Neural Video Compression with Spatio-Temporal Cross-Covariance Transformers
This work aims to effectively and jointly leverage robust temporal and spatial information by proposing a new 3D-based transformer module: Spatio-Temporal Cross- Covariance Transformer (ST-XCT). The ST-XCT module combines two individual extracted features into a joint spatio-temporal feature, followed by 3D convolutional operations and a novel spatiotemporal- aware cross-covariance attention mechanism.
Authors
Zhenghao Chen (The University of Sydney)
Lucas Relic (ETH Zurich)
Roberto Azevedo (DisneyResearch|Studios)
Yang Zhang (DisneyResearch|Studios)
Markus Gross (ETH Zurich)
Dong Xu (The University of Hong Kong)
Luping Zhou (The University of Sydney)
Christopher Schroers (DisneyResearch|Studios)

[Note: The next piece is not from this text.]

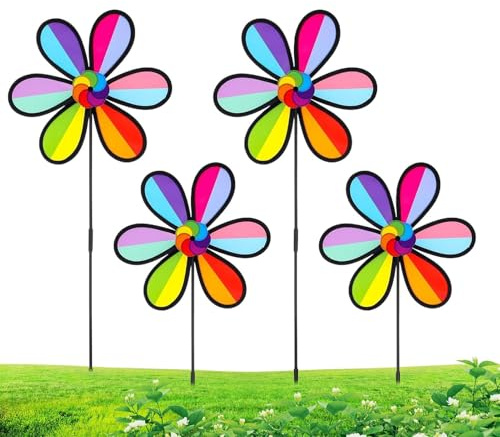 Tourniquets de Vent pour Jardin,Lot de 4 Girouettes Colorées en Forme de Pétale | Décoration Artistique D'extérieur pour Pelouse Terrasse Balcon Cour Et Événements Festifs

Although existing neural video compression (NVC) methods have achieved significant success, most of them focus on improving either temporal or spatial information separately. They generally use simple operations such as concatenation or subtraction to utilize this information, while such operations only partially exploit spatio-temporal redundancies. This work aims to effectively and jointly leverage robust temporal and spatial information by proposing a new 3D-based transformer module: Spatio-Temporal Cross- Covariance Transformer (ST-XCT). The ST-XCT module combines two individual extracted features into a joint spatio-temporal feature, followed by 3D convolutional operations and a novel spatiotemporal- aware cross-covariance attention mechanism. Unlike conventional transformers, the cross-covariance attention mechanism is applied across the feature channels without breaking down the spatio-temporal features into local tokens. Such design allows for modeling global cross-channel correlations of the spatio-temporal context while lowering the computational requirement. Based on ST-XCT, we introduce a novel transformer-based end-to-end optimized NVC framework. ST-XCT-based modules are integrated into various key coding components of NVC, such as feature extraction, frame reconstruction, and entropy modeling, demonstrating its generalizability. Extensive experiments show that our ST-XCT-based NVC proposal achieves state-of-the-art compression performances on various standard video benchmark datasets.